Inhalt und Zeitpunkt des SPD-Vorstoßes kommen überraschend. Aktuell arbeiten die Sport- und Bäderbetriebe an einem Bäderkonzept, das nicht nur verschiedene Varianten umfassen soll, erwartet werden auch belastbare Zahlen darüber, was Aus-, Neubau oder Schließung die Stadt den kosten würden. Das Gutachten soll der Politik im April vorgelegt werden. Die Sozialdemokraten nannten gestern keine Zahlen. Nur soviel: „Wir vermuten, dass ein Kombi-Bad teurer wird“, sagt Rainer Marschan. Worauf sich diese Vermutung stützt, verriet Marschan nicht. In Ratskreisen wird geunkt, die SPD wisse wohl mehr als sie preisgeben. Das Interesse eines vermeintlichen Investors am geschlossenen Freizeitbad „Oase“ in Frohnhausen spiele bei den Überlegungen jedenfalls keine Rolle. Sollte es sich als seriös erweisen, fühle man sich bestätigt. Die „Oase“ liegt etwa einen Kilometer Luftlinie entfernt von der Wüstenhöfer Straße, die als Standort für ein Kombi-Bad in Rede steht.
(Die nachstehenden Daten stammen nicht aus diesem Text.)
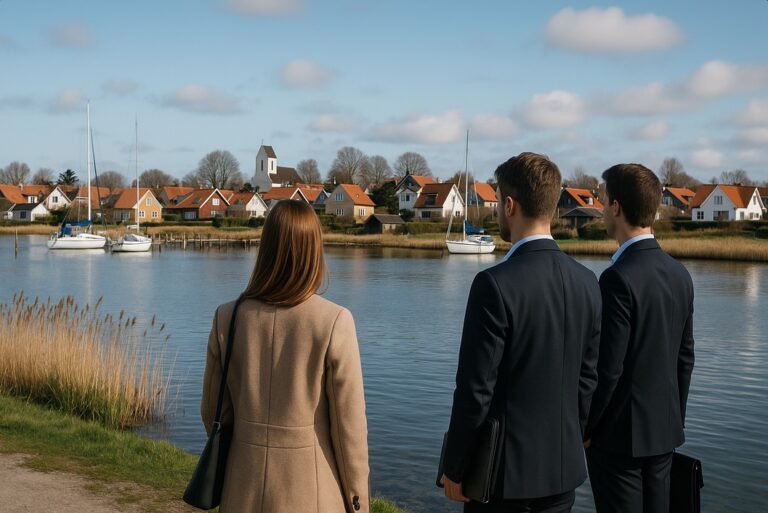 a-kasse i Jyllinge – se her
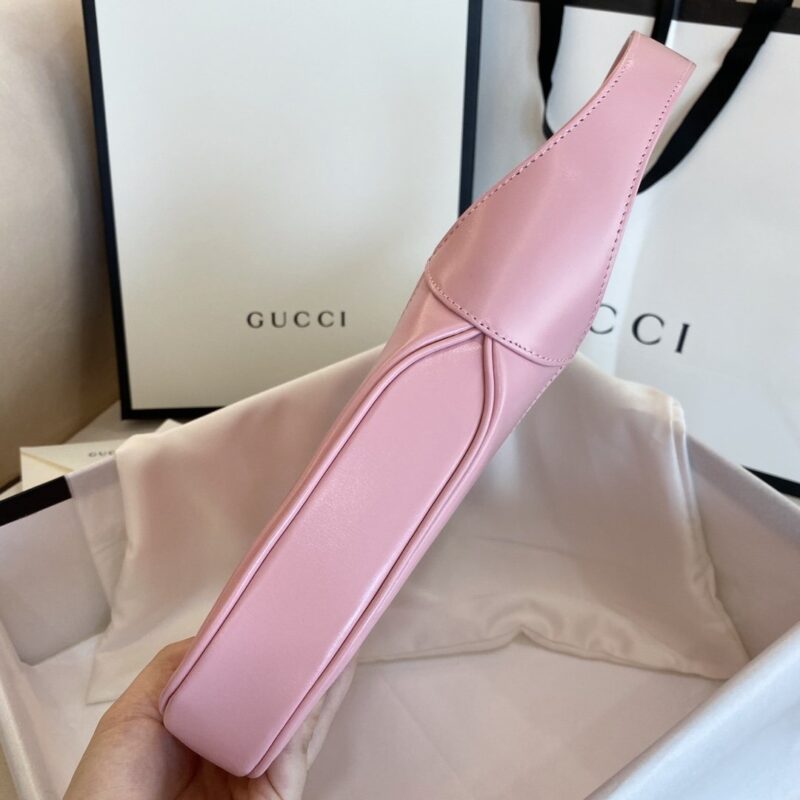 Gucci Jackie 1961 Hobo Bag-28*19*4.5CM - Image 2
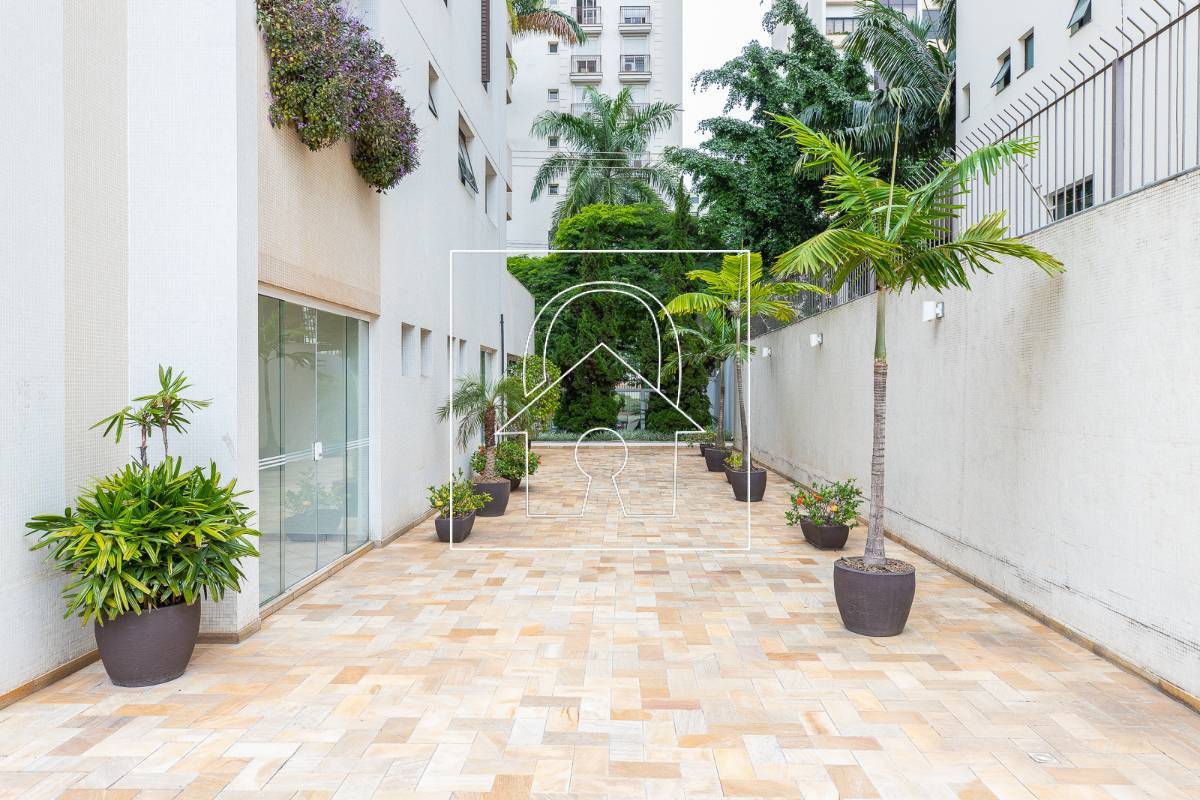 Cobertura, 4 quartos, 400 m² - Foto 52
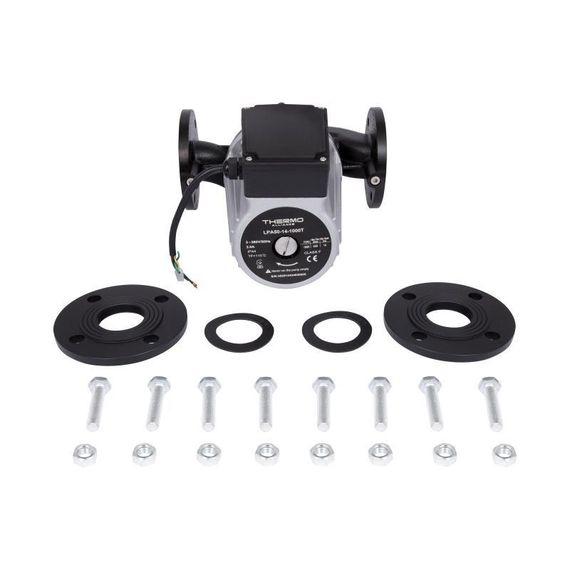 Насос циркуляційний Thermo Alliance LPA50-14-1000 | Зображення 7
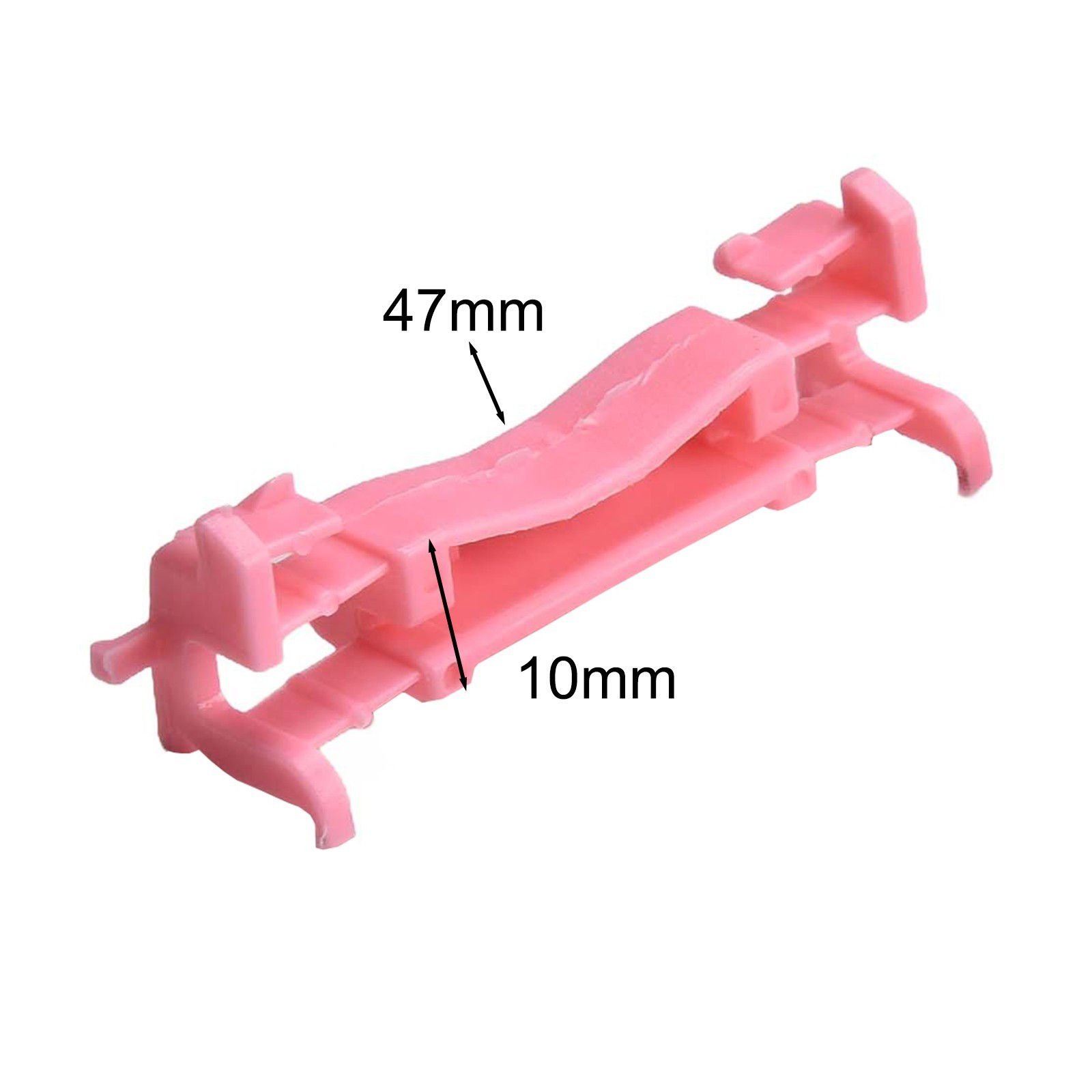High Quality Lancer Fasterner Clips Vehicle Parts Number Part Name Plastic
„Wir waren schon weiter. Ich bin sprachlos“
FDP und Linke ließ die SPD ratlos zurück. Zur Erinnerung: Unmittelbar nach der Kommunalwahl hatten die drei Fraktionen den Ratsbeschluss, „Hesse“ zu schließen, gekippt und durch einen neuen Beschluss ersetzt. Dieser sieht den Bau eines Kombi-Bades im Nordwesten als möglichen Ersatz für „Hesse“ ausdrücklich vor. „Wir waren schon weiter. Ich bin sprachlos“, kommentierte Linken-Fraktionssprecher Hans-Peter Leymann-Kurtz den Kursschwenk der SPD. Mit den Linken sei dieser nicht zu machen.
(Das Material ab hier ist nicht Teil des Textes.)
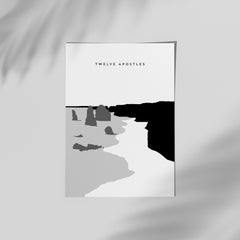 The Twelve Apostles - Australia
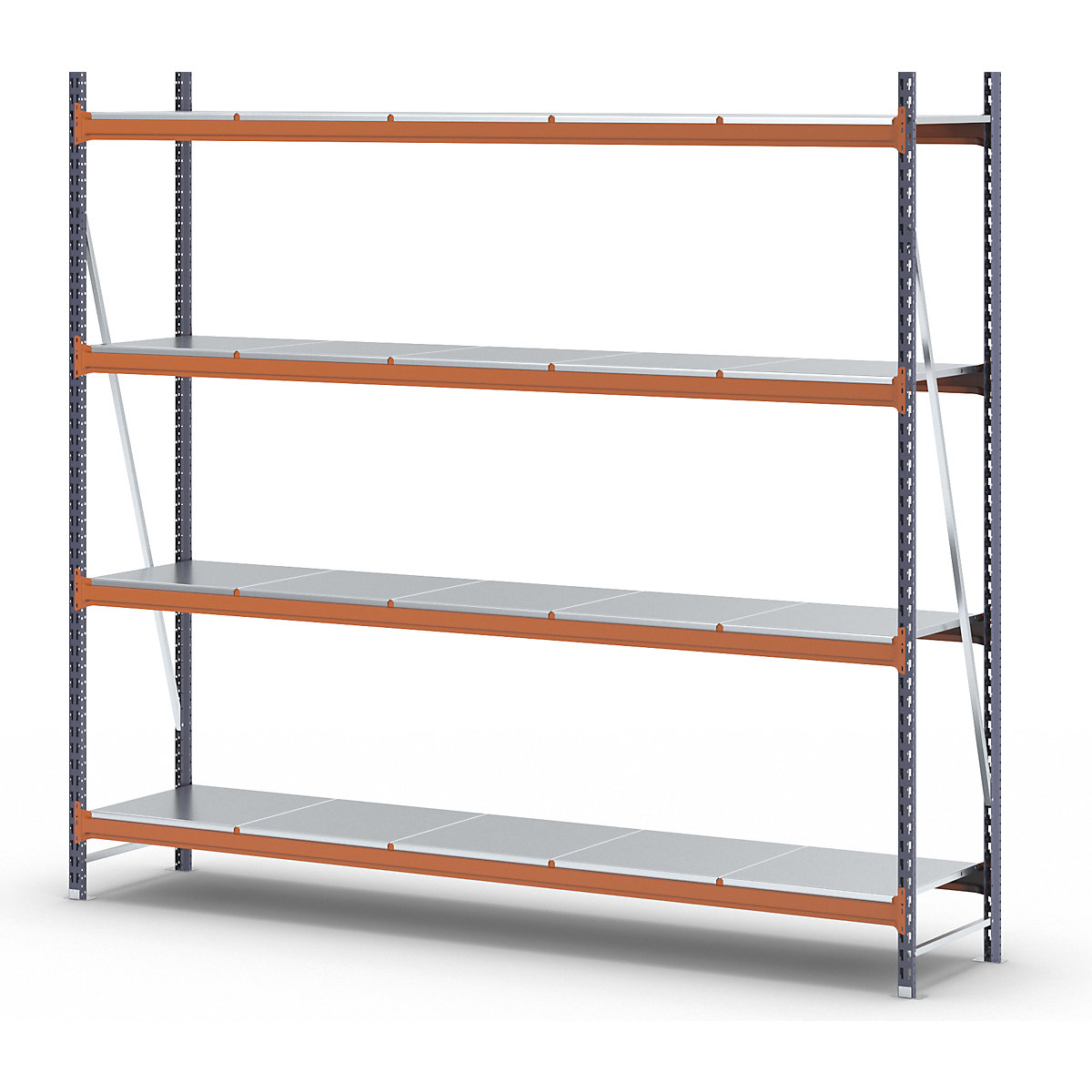 Estante larga (Imagem do produto 6)-5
Auch die FDP winkt ab. „Das ist eine vollkommene Abkehr von dem, was wir beschlossen haben“, sagt Fraktionsvorsitzender Hans-Peter Schöneweiß, der zudem Einsparvorschläge vermisst.Und Hesse? „Eine kleinere Wasserfläche hätten wir vorher schon haben können.“ Brüskiert steht nicht zuletzt Oberbürgermeister Reinhard Paß da. Als Chef der Verwaltung hatte er eine Machbarkeitsstudie für den Standort Wüstenhöfer Straße in Auftrag gegeben. Auch daran arbeitet die Bäderverwaltung noch. Die Politik sei in Sachen Machbarkeitsstudie nicht eingebunden gewesen, sagt Marschan. Was treibt die Sozialdemokraten also an? Man wolle in der Bäderfrage „klare Kante“ zeigen. Für welchen Preis?